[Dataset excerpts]
- - -

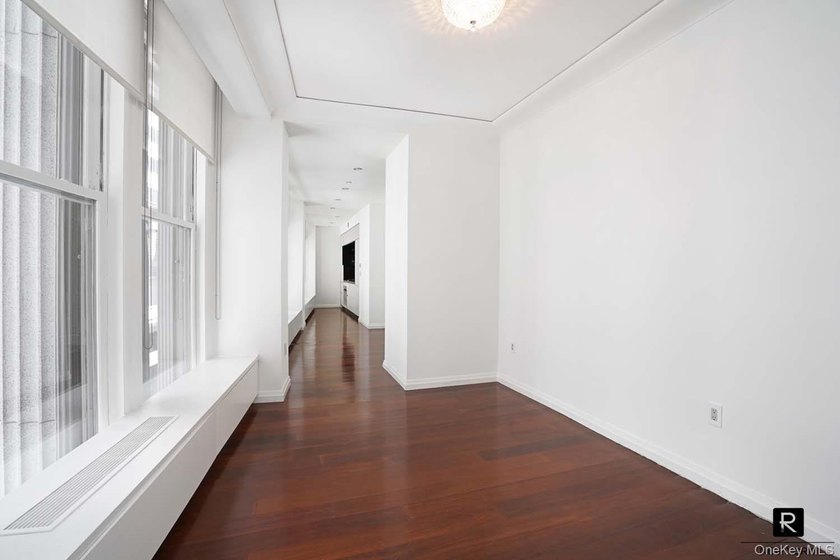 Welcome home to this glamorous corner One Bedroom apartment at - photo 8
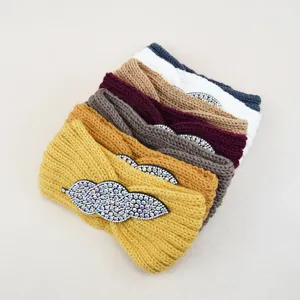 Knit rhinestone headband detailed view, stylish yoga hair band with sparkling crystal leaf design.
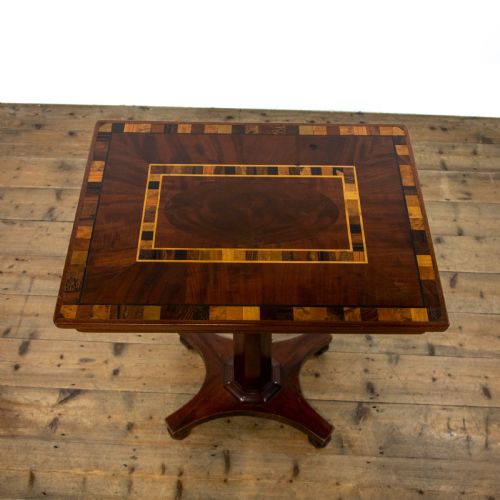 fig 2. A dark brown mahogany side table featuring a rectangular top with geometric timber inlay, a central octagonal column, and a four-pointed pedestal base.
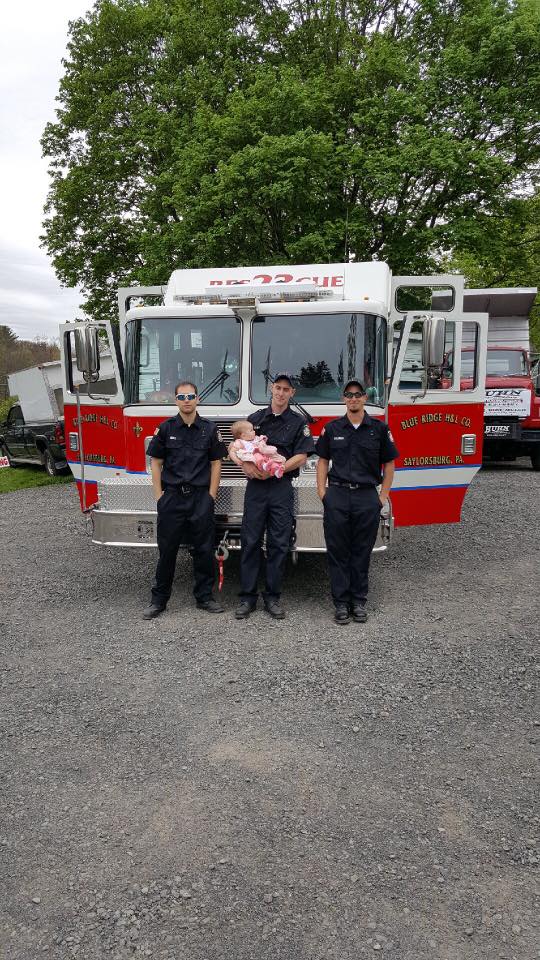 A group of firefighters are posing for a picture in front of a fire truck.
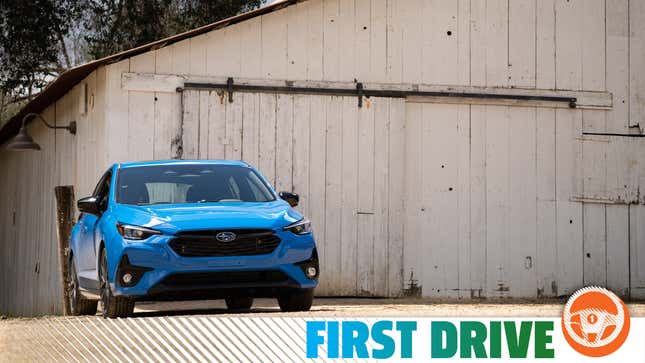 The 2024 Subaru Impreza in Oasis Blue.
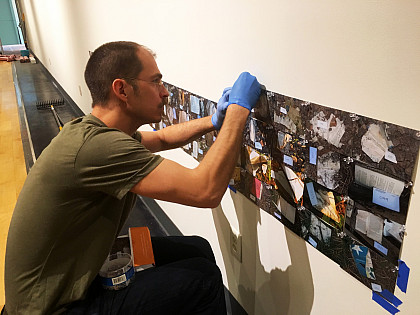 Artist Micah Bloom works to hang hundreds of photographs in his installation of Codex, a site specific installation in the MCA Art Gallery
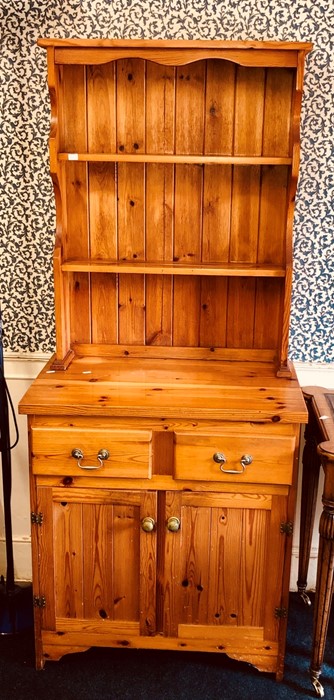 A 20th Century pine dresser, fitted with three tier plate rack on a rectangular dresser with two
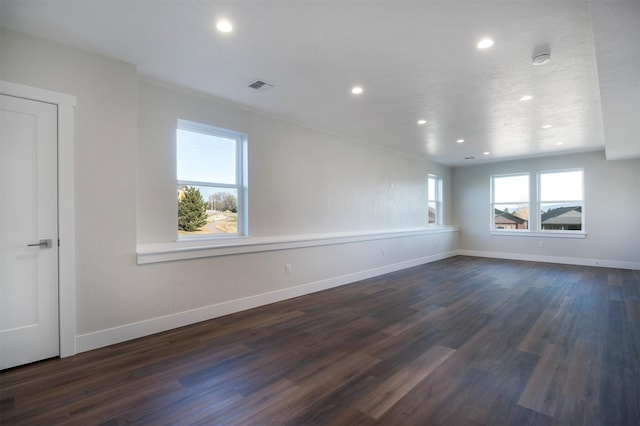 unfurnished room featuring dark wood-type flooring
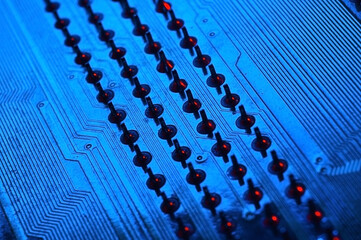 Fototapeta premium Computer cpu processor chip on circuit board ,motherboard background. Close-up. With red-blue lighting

- - -

Aim of the task: Exactly as written, restate the lines from the one that contains "unfurnished room featuring" through the final line of the data, both ends included, but leave out the pictures.

Result for this task:
 unfurnished room featuring dark wood-type flooring
 Fototapeta premium Computer cpu processor chip on circuit board ,motherboard background. Close-up. With red-blue lighting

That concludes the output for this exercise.